Restate all of the following data exactly, keeping any images out of the copy.

Source material:
'''

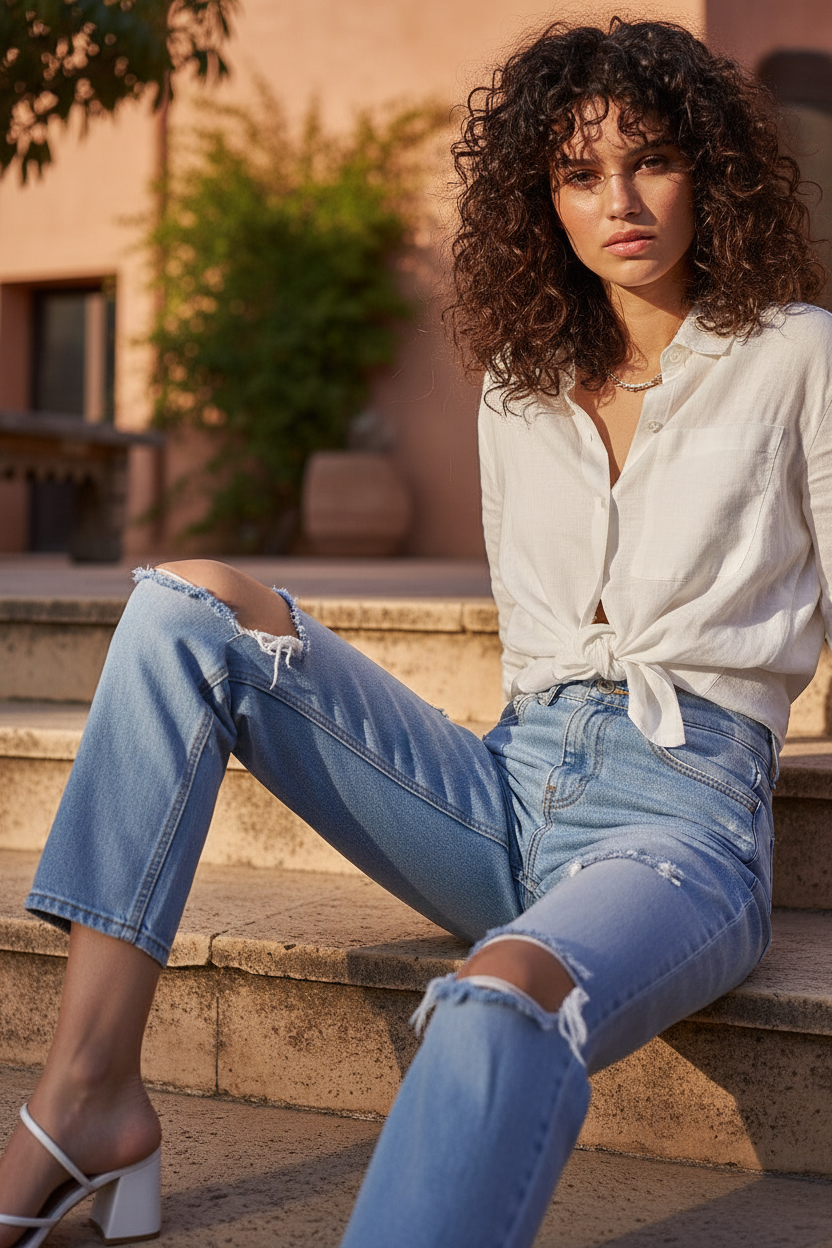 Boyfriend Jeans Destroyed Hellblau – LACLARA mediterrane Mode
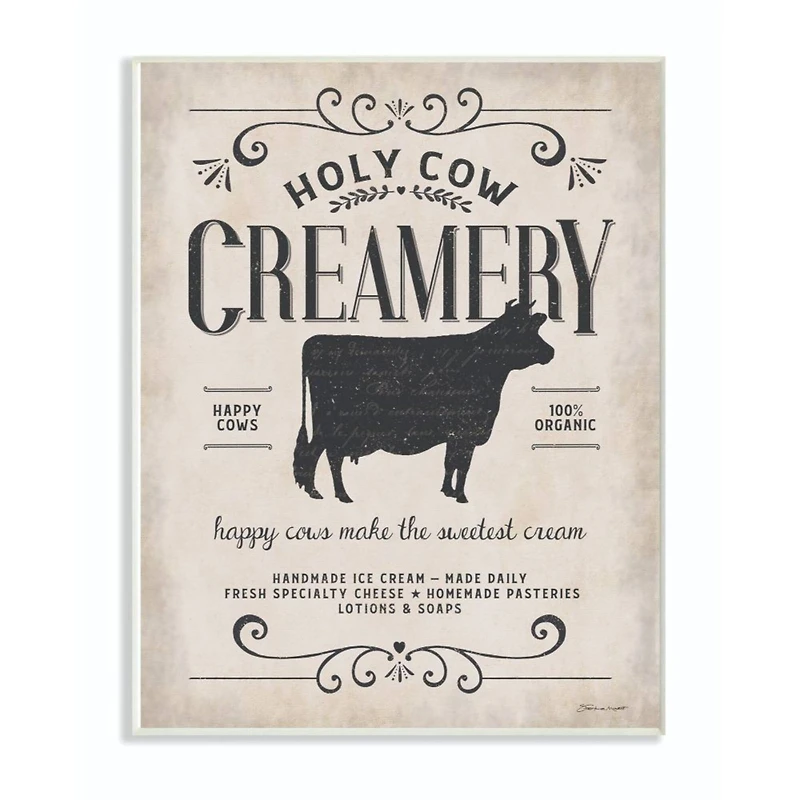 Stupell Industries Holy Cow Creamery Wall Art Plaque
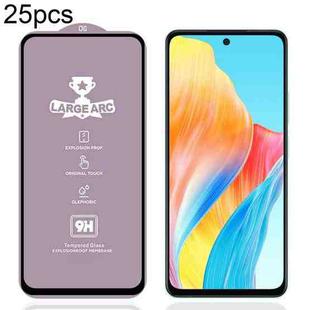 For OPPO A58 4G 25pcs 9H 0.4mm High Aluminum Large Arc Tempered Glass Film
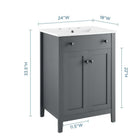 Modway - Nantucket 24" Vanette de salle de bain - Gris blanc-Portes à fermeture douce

'''

Task response:
 Boyfriend Jeans Destroyed Hellblau – LACLARA mediterrane Mode
 Stupell Industries Holy Cow Creamery Wall Art Plaque
 For OPPO A58 4G 25pcs 9H 0.4mm High Aluminum Large Arc Tempered Glass Film
 Modway - Nantucket 24" Vanette de salle de bain - Gris blanc-Portes à fermeture douce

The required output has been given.